Imagine you were allowed to see, smell and touch chocolate cookies but were then asked to eat radishes. If you next had to solve a puzzle, would you perform better or worse than people who got to indulge their sweet tooth?

If you guessed “worse,” you’re right, according to the results of a famous study at Case Western Reserve. Put simply, frustration makes us less sharp. Or to state it more accurately, our capacity for patience can quickly be depleted.

That reality has implications for government agencies that need to deliver services, drive participation in public programs or simply engage with citizens. The more frustrated citizens become when interacting with your organization, the harder it will be for you to serve your constituents and achieve your mission.

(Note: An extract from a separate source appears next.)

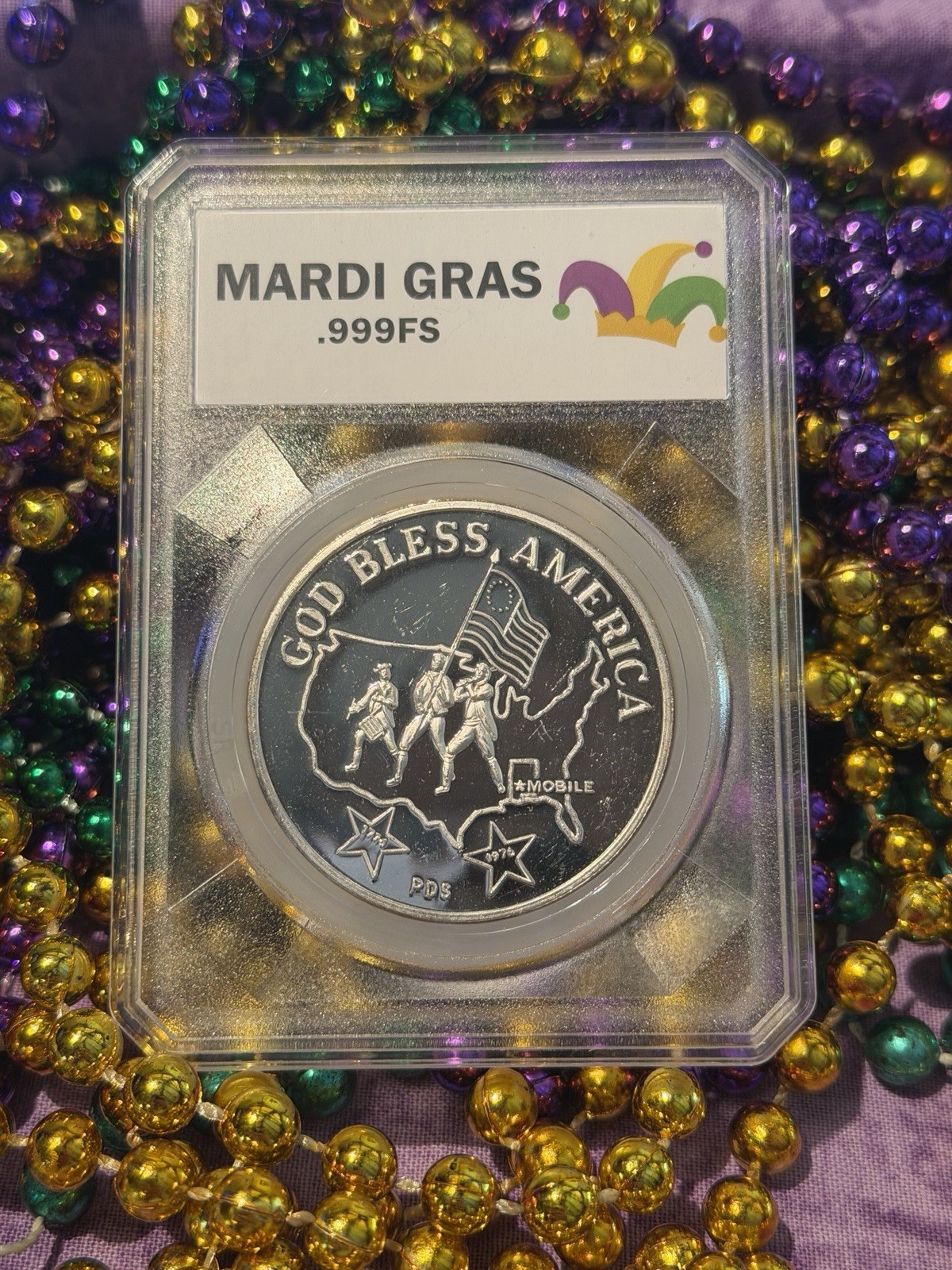 God Bless America .999 Fine Silver Mobile Alabama Mardi Gras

That’s why it’s imperative for agencies to consider the emotional needs of users when designing digital services. By placing emotional needs front and center, you can achieve a more holistic approach to service design that has a better chance of driving the outcomes you want.

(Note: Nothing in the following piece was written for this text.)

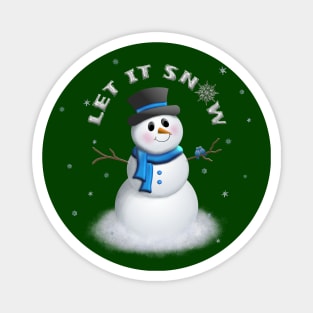 Let It Snow Snowman with Blue Birds Magnet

To realize that goal, take these five actions:

1. Empathize with your users. Many contexts in which citizens consume government service, such as applying for unemployment benefits, involve negative emotions. By recognizing user preconceptions, you can better identify ways to minimize frustration and promote more positive experiences.

2. Conduct usability testing. Invest in user surveys. Observe how users interact with processes to see where they get stuck. Can they use single sign-on to access multiple services? Can they fill in part of a form and come back later to complete the task? Something as simple as requiring people to print out or fax in a form might stop them in their tracks if they don’t have access to those capabilities. An upfront investment in usability can pay dividends by avoiding interrupted processes, manual interventions and missing data.

Usability testing can also uncover the root causes of problems. For instance, an apparel company seeing a decline in online sales might assume it needs a slicker website design or a smoother checkout process. But a customer survey might reveal the real problem is that favorite colors or styles aren’t available – and the solution lies in resolving inventory issues.

3. Look to retail models. Citizens are also consumers. As they’ve become accustomed to the speed and convenience of online retail, their expectations for all online interactions have climbed.

Retailers have invested in chief experience officers and entire functions devoted to customer experience (CX). Many agencies lack budgets to support such efforts. But they can still adopt a retail mindset. Look for approaches you can borrow from online stores to customize experiences for the user, simplify interfaces, remove cognitive friction, provide predictable workflows, and integrate data and processes.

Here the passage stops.